Introduction: In kidney transplant candidates with calculated Panel Reactive Antibody (cPRA)≥99.9%, looking for perfect HLA compatibility may delay transplantation beyond a reasonable waiting time. However, the presence of preformed donor-specific antibody (DSA) does not always lead to antibody-mediated rejection. Here, we present the results of a delisting strategy for kidney transplant candidates with cPRA≥99.9% employed in four Spanish transplant centers May 2022-August 2023.

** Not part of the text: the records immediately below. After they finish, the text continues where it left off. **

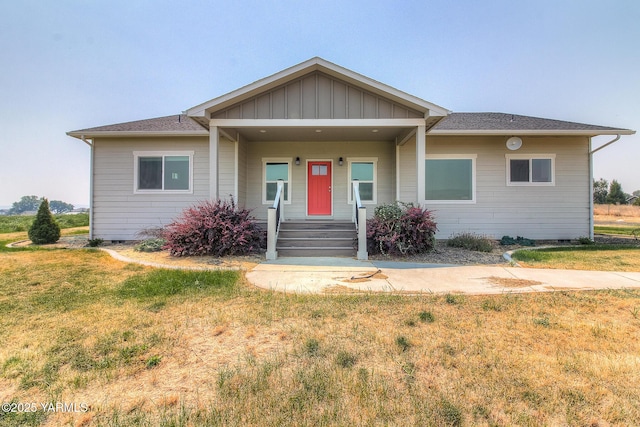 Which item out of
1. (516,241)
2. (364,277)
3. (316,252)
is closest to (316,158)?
(316,252)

Methods: Briefly, HLA antigens were delisted if their mean fluorescence intensity (MFI) in current and historical samples was lower than 5,000, with the goal to decrease cPRA to ≤99.0%. If this first step was unsuccessful, HLA antibodies with an MFI under10,000, or any MFI for anti-HLA-DP and anti-HLA-DRB3/4/5 were considered for delisting. Additional criteria included their 1/16 dilutions response and complement-binding activity (C3d or C1q), ideally avoiding antibodies targeting a cross-reactive epitope groups/eplet pattern and repeated mismatches with previous donors.

Results: In total, 48 patients underwent HLA-antigen delisting after a median 5.6 years on the waiting list, lowering their cPRA to 98.3%. Thirty (62.5%) patients received an acceptable donor offer 98[52-154] days after delisting, of which 18 (60.0%) had negative flow cytometry and complement-dependent cytotoxicity crossmatches and underwent direct transplantation without additional desensitization with the enzyme imlifidase. Among these, sixteen patients (83.3%) had at least one preformed DSA, with an immunodominant MFI of 7245[3857-18322]. In these patients, after one-year follow-up, antibody-mediated rejection occurred in seven cases (43.7%) and graft survival was 87.5%.

Conclusions: Our study shows that careful antigen delisting enhances access to transplantation for patients with cPRA ≥99.9%. While this approach carries a significant risk of acute rejection, it is associated with reasonable short-term graft survival.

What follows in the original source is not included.